» Problem: I need all of the entries printed exactly.

» Information provided:

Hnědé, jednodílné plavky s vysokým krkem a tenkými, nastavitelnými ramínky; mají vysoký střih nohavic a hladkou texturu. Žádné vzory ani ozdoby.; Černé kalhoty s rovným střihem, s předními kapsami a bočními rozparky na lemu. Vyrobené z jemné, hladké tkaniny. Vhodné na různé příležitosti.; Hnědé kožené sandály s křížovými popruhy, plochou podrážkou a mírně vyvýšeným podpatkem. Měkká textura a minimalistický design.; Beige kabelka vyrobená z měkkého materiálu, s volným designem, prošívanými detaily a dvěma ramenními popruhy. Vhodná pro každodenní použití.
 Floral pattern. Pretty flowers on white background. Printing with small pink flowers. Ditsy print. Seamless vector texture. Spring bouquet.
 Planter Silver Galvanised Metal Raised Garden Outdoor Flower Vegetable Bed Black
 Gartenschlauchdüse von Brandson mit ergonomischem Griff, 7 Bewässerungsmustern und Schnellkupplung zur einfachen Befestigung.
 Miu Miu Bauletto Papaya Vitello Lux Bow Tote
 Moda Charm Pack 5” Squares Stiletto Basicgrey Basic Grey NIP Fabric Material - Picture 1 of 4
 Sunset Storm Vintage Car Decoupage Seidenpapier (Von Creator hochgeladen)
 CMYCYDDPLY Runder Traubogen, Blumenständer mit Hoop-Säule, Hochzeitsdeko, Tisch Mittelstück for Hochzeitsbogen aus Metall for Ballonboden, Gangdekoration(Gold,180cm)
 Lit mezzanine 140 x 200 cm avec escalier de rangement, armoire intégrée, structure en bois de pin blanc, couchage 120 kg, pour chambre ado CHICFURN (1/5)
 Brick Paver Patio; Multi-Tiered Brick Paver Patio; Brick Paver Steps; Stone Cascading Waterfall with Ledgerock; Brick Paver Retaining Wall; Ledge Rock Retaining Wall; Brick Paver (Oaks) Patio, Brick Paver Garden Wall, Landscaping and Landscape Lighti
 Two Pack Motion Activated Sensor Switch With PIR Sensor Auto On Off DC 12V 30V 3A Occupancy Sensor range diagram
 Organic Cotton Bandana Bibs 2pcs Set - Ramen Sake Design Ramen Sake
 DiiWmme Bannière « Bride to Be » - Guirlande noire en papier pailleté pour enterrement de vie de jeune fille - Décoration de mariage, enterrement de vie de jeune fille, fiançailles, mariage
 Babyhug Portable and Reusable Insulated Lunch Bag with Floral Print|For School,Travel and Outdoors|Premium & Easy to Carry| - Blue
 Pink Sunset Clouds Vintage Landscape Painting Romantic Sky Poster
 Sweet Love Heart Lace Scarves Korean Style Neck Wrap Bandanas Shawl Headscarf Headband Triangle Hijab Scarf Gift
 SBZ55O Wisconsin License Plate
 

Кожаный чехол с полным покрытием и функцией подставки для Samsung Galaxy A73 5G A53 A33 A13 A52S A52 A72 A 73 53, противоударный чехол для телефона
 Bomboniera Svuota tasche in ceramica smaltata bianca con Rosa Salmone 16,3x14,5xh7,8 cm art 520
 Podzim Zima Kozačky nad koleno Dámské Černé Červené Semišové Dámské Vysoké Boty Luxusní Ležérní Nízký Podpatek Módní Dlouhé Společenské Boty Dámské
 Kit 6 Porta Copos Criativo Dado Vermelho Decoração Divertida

» Exercise response:
Hnědé, jednodílné plavky s vysokým krkem a tenkými, nastavitelnými ramínky; mají vysoký střih nohavic a hladkou texturu. Žádné vzory ani ozdoby.; Černé kalhoty s rovným střihem, s předními kapsami a bočními rozparky na lemu. Vyrobené z jemné, hladké tkaniny. Vhodné na různé příležitosti.; Hnědé kožené sandály s křížovými popruhy, plochou podrážkou a mírně vyvýšeným podpatkem. Měkká textura a minimalistický design.; Beige kabelka vyrobená z měkkého materiálu, s volným designem, prošívanými detaily a dvěma ramenními popruhy. Vhodná pro každodenní použití.
 Floral pattern. Pretty flowers on white background. Printing with small pink flowers. Ditsy print. Seamless vector texture. Spring bouquet.
 Planter Silver Galvanised Metal Raised Garden Outdoor Flower Vegetable Bed Black
 Gartenschlauchdüse von Brandson mit ergonomischem Griff, 7 Bewässerungsmustern und Schnellkupplung zur einfachen Befestigung.
 Miu Miu Bauletto Papaya Vitello Lux Bow Tote
 Moda Charm Pack 5” Squares Stiletto Basicgrey Basic Grey NIP Fabric Material - Picture 1 of 4
 Sunset Storm Vintage Car Decoupage Seidenpapier (Von Creator hochgeladen)
 CMYCYDDPLY Runder Traubogen, Blumenständer mit Hoop-Säule, Hochzeitsdeko, Tisch Mittelstück for Hochzeitsbogen aus Metall for Ballonboden, Gangdekoration(Gold,180cm)
 Lit mezzanine 140 x 200 cm avec escalier de rangement, armoire intégrée, structure en bois de pin blanc, couchage 120 kg, pour chambre ado CHICFURN (1/5)
 Brick Paver Patio; Multi-Tiered Brick Paver Patio; Brick Paver Steps; Stone Cascading Waterfall with Ledgerock; Brick Paver Retaining Wall; Ledge Rock Retaining Wall; Brick Paver (Oaks) Patio, Brick Paver Garden Wall, Landscaping and Landscape Lighti
 Two Pack Motion Activated Sensor Switch With PIR Sensor Auto On Off DC 12V 30V 3A Occupancy Sensor range diagram
 Organic Cotton Bandana Bibs 2pcs Set - Ramen Sake Design Ramen Sake
 DiiWmme Bannière « Bride to Be » - Guirlande noire en papier pailleté pour enterrement de vie de jeune fille - Décoration de mariage, enterrement de vie de jeune fille, fiançailles, mariage
 Babyhug Portable and Reusable Insulated Lunch Bag with Floral Print|For School,Travel and Outdoors|Premium & Easy to Carry| - Blue
 Pink Sunset Clouds Vintage Landscape Painting Romantic Sky Poster
 Sweet Love Heart Lace Scarves Korean Style Neck Wrap Bandanas Shawl Headscarf Headband Triangle Hijab Scarf Gift
 SBZ55O Wisconsin License Plate
 

Кожаный чехол с полным покрытием и функцией подставки для Samsung Galaxy A73 5G A53 A33 A13 A52S A52 A72 A 73 53, противоударный чехол для телефона
 Bomboniera Svuota tasche in ceramica smaltata bianca con Rosa Salmone 16,3x14,5xh7,8 cm art 520
 Podzim Zima Kozačky nad koleno Dámské Černé Červené Semišové Dámské Vysoké Boty Luxusní Ležérní Nízký Podpatek Módní Dlouhé Společenské Boty Dámské
 Kit 6 Porta Copos Criativo Dado Vermelho Decoração Divertida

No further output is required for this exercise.